But it’s not just the price of Sainz’s crash that Vasseur was to discuss.

The team boss is also unhappy that the marshals took “one minute” to change the yellow flag to a red when they’d already seen metal debris on the track.

“We’d have to discuss about the circumstances of the incident also,” he said. “Because it’s not just about the cover coming out, it’s also for me that we had one minute between the yellow flag and the red flag.

“It means that when they put the yellow flag that they saw something on track. And they took one minute before they put the red flag. I think it’s too much.

“The main issue for me on this case is that when you put the first yellow flag it means that you saw something, you don’t put the yellow flag by anticipation.

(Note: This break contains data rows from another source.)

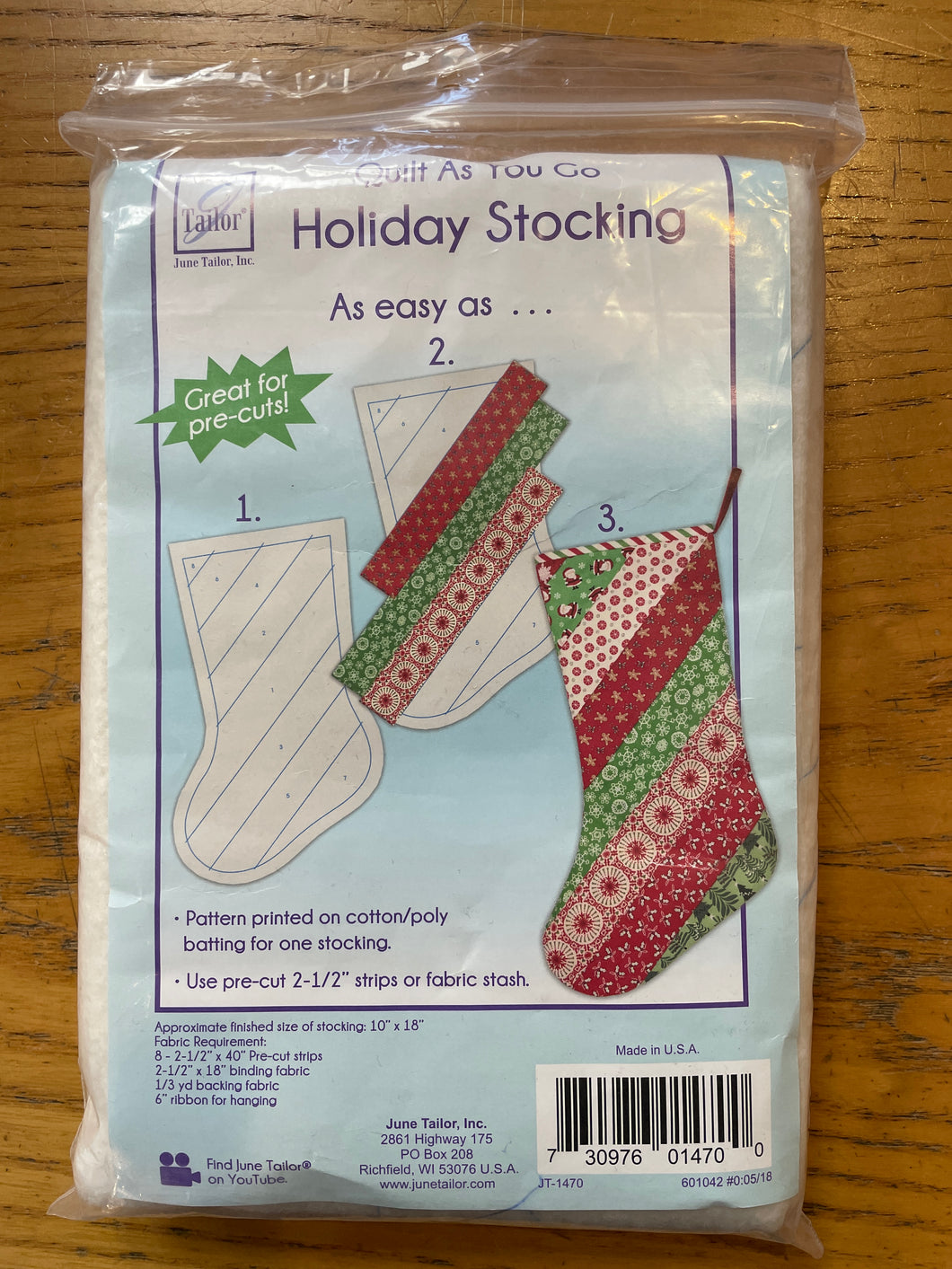 June Tailor - Quilt As You Go (Holiday Stocking)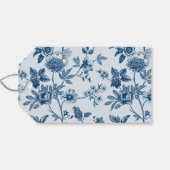 ヴィンテージブルーフローラトワール誕生日 ギフトタグ (裏面横)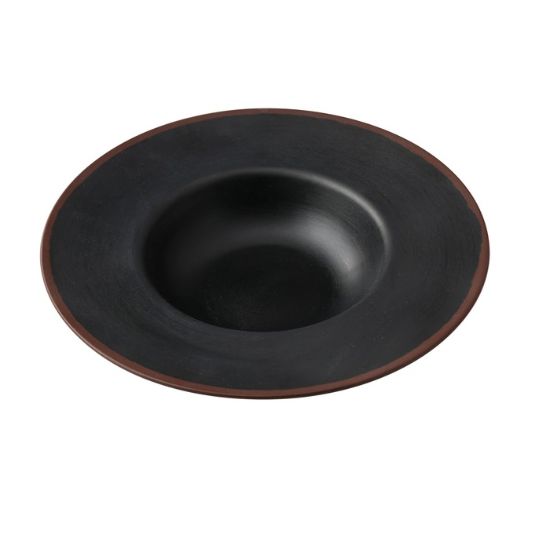 Picture of NA-710BK Nature Art 9 1/4″ X 5″ X 1 7/8″ Dessert Plate 10 oz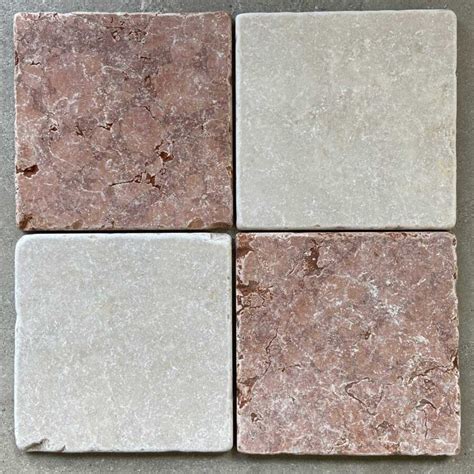 Verona Rosso Tumbled Marble Tiles Natural Stone Consulting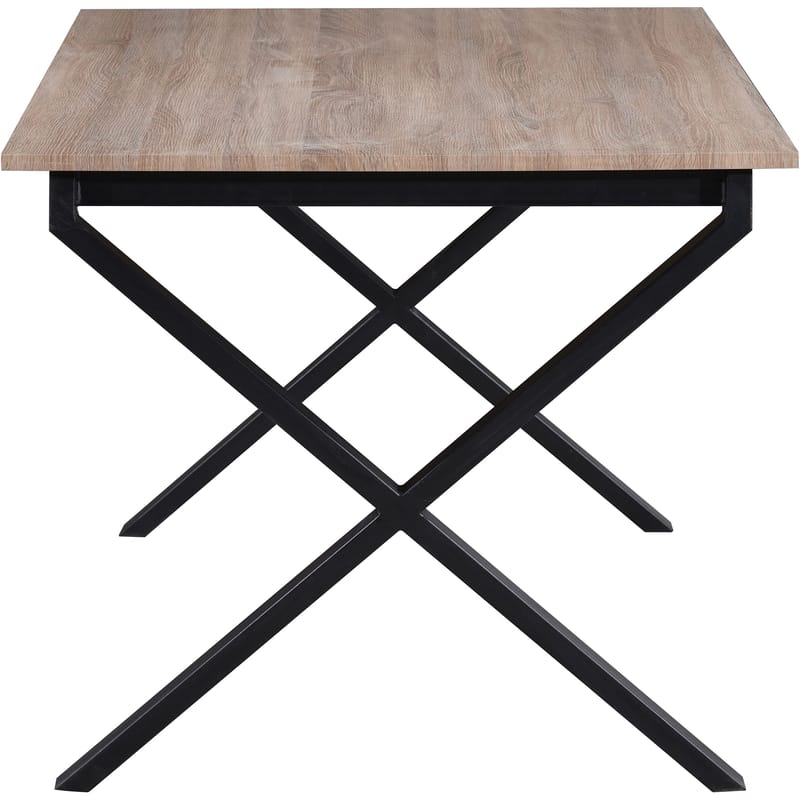 Spisebord Loft24 Ipswich Eik/svart 120 x 80 cm - Eik og svart - Møbler - Bord - Spisebord & kjøkkenbord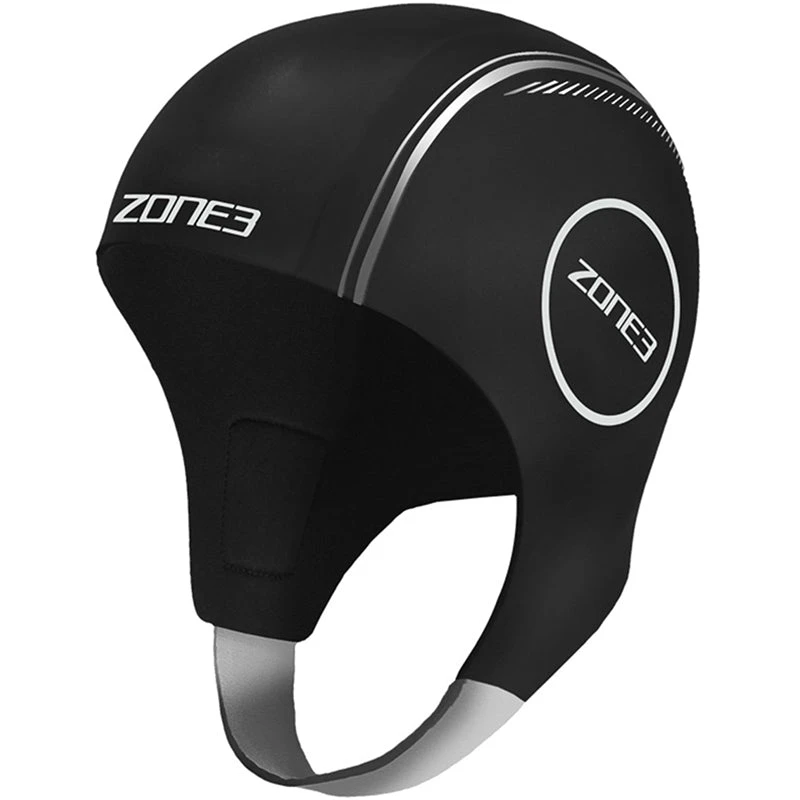 Zone3 - Neoprene Swim Cap - Black/Reflective Silver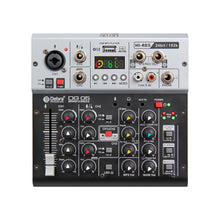 Load image into Gallery viewer, D Debra Professional Audio Mixer DG-05, 5 Channel Sound Board Mixing Console ,Mic Preamps, Audio Interface for PC Smartphone Studio Recording Webcast
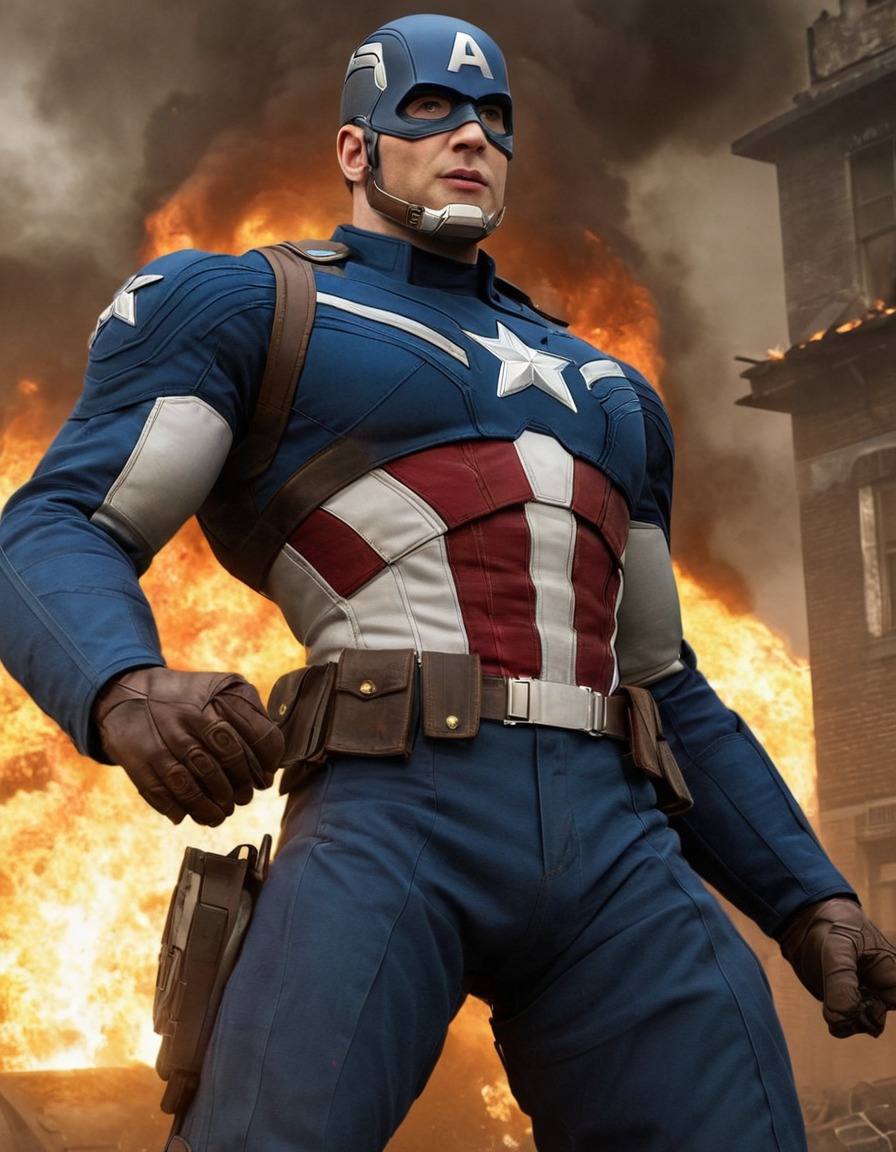 captain america, robot, superhero, marvel, steve rogers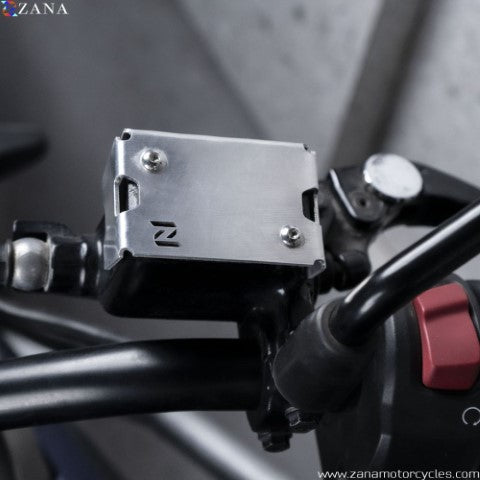 BMW 310 GS Front Fluid Reservoir Oil Cover Silver Painted - ZI-8199 - Riders Junction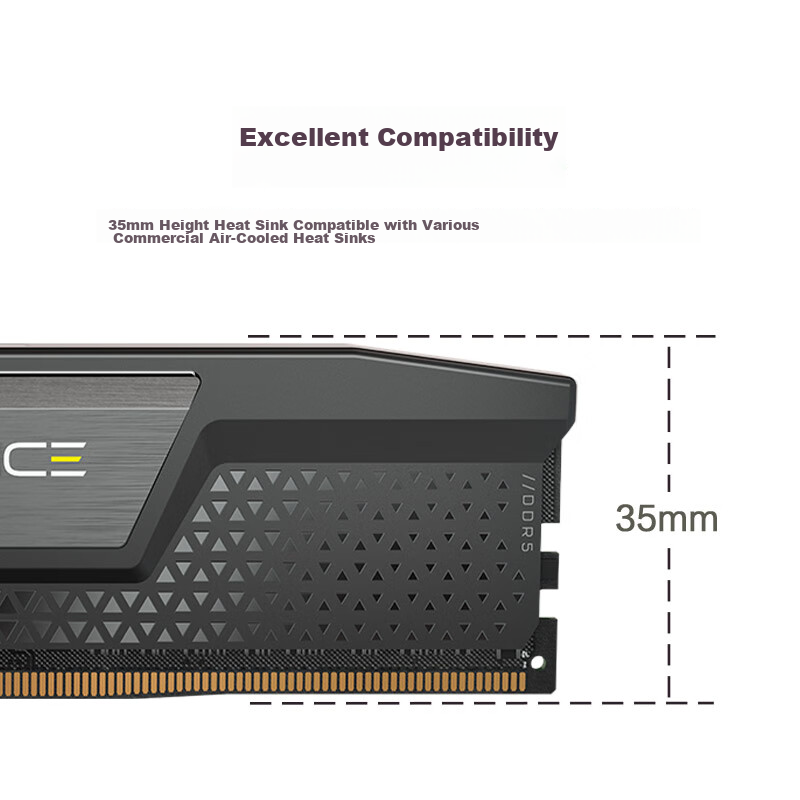 USCORSAIR 16GB DDR5 6000 Desktop Memory Module, Vengeance Series, Gaming RAM, C3...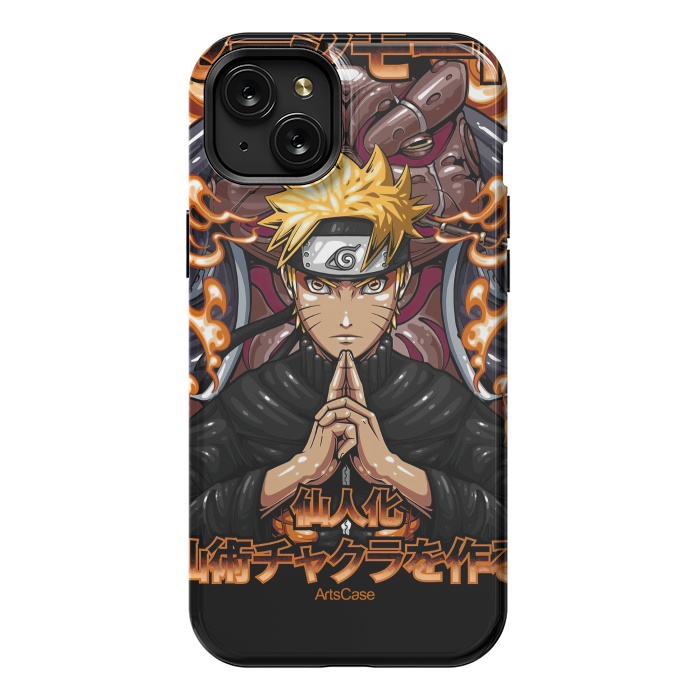 iPhone 15 Plus StrongFit Embrace the Ninja Way: Discover a World of Courage and Strength with Naruto-Inspired by ArtsCase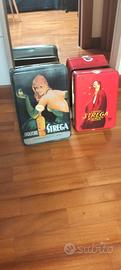 Scatole Latta Vintage Liquore Strega 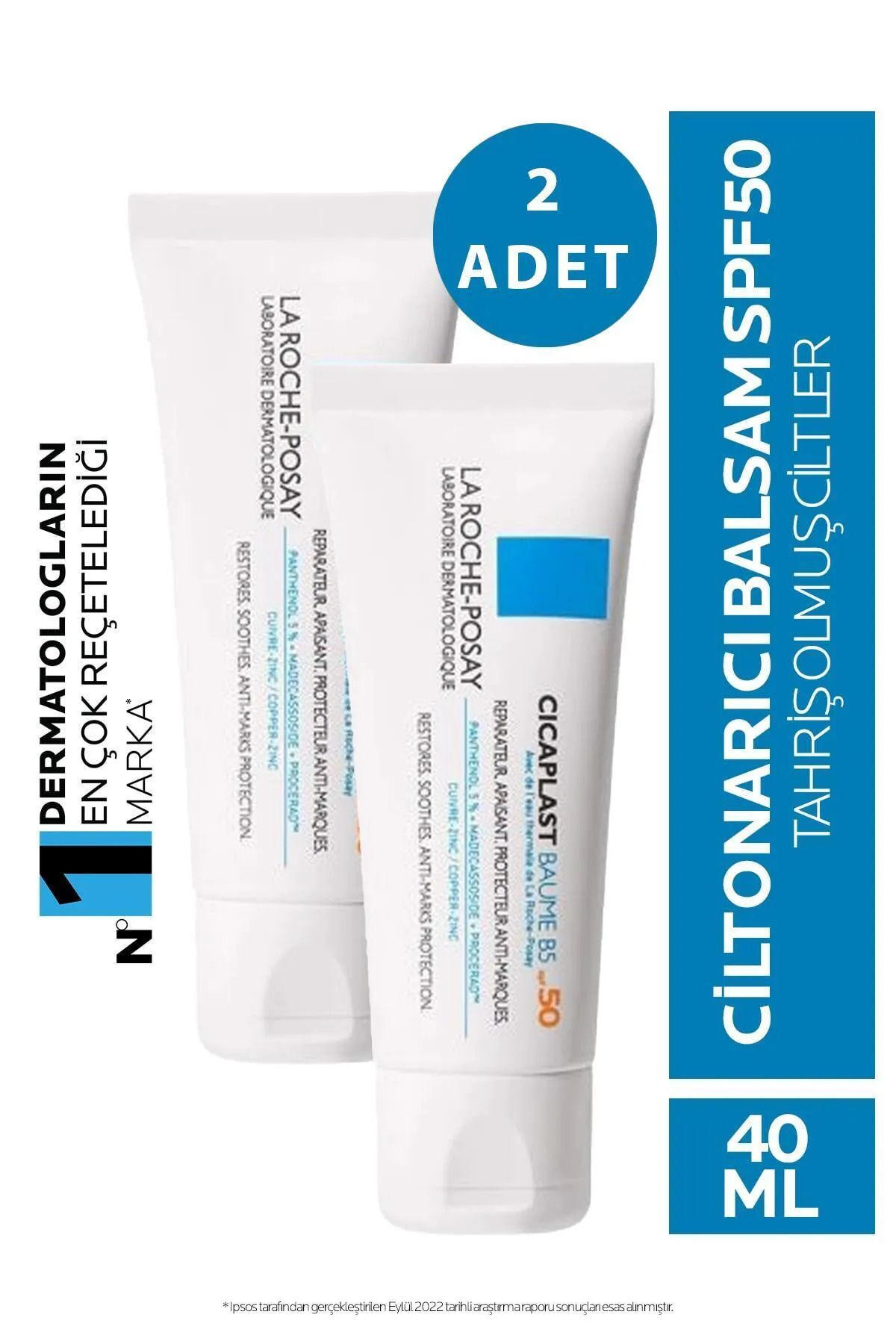 La Roche Posay Posay Cicaplast Baume B5 SPF 50 40 ml X2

“It means that the guy who put the yellow flag, and put the yellow flag also on my board, which is coming from the race control, it means that they saw something, and then they took one minute before they put the red flag when it’s the straight line, and you have a metallic part, and you are at 340 kph.”

He revealed the teams did not receive a message informing them of debris on the track.

“No, they didn’t speak at all. We didn’t know the reason for the yellow flag,” he said.

Sainz started the Grand Prix 12th on the grid and recovered to finish P6, leapfrogging Fernando Alonso for fourth place in the Drivers’ Championship.

If he holds onto fourth at the final race of the season in Abu Dhabi, that will be his best-ever finish in the standings.